The funds are the final tranche of the latest $3 billion bailout package that Pakistan secured last summer to prevent it from defaulting on its debt. Islamabad is also seeking another long-term bailout.
“The IMF staff has reached a staff-level agreement with the Pakistani authorities on the second and final review of Pakistan’s stabilisation programme,” the IMF said in a statement.
“This agreement is subject to approval by the IMF’s Executive Board,” it added. The agreement expires on 11 April.
The agreement came after five days of talks by an IMF delegation with Pakistani officials to review the fiscal consolidation criteria for the loan.
Most Pakistani dollar bonds traded higher on Wednesday after the deal was announced.
The 2027 bond was up 0.25 cents at 83.957 cents per dollar, while the 2025 bond was up 0.21 cents at 92.023 cents per dollar.
Pakistan’s finance minister Muhammad Aurangzeb had said Islamabad would seek a new long-term bailout.

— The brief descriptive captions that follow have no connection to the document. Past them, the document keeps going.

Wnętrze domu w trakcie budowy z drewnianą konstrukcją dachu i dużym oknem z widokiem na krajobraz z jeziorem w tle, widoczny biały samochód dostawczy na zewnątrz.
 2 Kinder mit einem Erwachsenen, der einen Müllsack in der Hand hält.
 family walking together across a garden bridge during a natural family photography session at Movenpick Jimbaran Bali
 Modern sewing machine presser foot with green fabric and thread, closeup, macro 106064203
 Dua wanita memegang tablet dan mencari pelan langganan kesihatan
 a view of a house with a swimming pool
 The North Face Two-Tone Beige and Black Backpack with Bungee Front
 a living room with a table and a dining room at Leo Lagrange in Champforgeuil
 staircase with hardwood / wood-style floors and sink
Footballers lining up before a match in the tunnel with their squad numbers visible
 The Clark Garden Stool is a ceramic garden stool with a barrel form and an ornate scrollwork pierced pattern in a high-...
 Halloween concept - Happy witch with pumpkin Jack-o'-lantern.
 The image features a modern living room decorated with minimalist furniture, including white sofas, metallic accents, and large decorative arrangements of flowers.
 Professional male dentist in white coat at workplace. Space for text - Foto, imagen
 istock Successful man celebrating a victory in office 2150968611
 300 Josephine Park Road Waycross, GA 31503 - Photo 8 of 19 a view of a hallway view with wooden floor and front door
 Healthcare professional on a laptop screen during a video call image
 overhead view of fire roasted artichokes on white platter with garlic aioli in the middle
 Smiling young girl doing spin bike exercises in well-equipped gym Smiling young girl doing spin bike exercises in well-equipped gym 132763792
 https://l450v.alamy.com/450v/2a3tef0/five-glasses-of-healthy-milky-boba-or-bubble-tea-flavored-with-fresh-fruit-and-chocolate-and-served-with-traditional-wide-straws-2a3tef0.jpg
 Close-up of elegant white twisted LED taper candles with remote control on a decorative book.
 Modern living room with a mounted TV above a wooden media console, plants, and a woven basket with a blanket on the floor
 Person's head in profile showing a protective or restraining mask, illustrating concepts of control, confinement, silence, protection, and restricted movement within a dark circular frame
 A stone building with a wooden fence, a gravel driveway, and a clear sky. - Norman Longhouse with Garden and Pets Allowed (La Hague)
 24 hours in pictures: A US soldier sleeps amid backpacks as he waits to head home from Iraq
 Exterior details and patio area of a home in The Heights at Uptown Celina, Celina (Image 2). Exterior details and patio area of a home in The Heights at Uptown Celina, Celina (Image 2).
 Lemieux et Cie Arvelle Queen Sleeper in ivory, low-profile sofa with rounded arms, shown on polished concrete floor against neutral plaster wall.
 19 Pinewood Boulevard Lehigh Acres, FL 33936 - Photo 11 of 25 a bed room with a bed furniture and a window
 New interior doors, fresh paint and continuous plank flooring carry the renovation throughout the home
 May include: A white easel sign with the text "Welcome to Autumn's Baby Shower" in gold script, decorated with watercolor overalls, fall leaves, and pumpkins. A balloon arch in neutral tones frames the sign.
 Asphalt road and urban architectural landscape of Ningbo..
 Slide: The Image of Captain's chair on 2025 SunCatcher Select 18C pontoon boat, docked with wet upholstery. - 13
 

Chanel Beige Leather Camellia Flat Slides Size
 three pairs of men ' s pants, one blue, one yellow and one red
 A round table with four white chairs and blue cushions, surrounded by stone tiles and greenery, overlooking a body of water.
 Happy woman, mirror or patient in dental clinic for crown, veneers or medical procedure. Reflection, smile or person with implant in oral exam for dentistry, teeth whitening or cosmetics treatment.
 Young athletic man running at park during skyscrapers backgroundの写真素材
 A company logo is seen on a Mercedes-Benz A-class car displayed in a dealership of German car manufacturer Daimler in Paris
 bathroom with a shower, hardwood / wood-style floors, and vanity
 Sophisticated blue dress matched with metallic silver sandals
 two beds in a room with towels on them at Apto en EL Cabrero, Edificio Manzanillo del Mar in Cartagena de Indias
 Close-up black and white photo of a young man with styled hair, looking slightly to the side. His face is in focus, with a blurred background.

The IMF said Pakistan had shown interest in a deal and would set up a medium-term programme if Islamabad applied.
The government has not officially disclosed the size of the additional funding it is seeking through the successor programme, but Bloomberg reported in February that Pakistan was planning to seek a new loan of at least $6 billion from the lender.
The debt-ridden economy, which contracted by 0.2% last year and is expected to grow by around 2% this year, is under extreme stress with low reserves, a balance of payments crisis, inflation of 23%, policy rates of 22% and a record depreciation of the local currency.
Prior to the stand-by arrangement, Pakistan had to meet IMF conditions such as revising its budget, raising interest rates, raising revenues through higher taxes and increasing inflationary electricity and gas prices.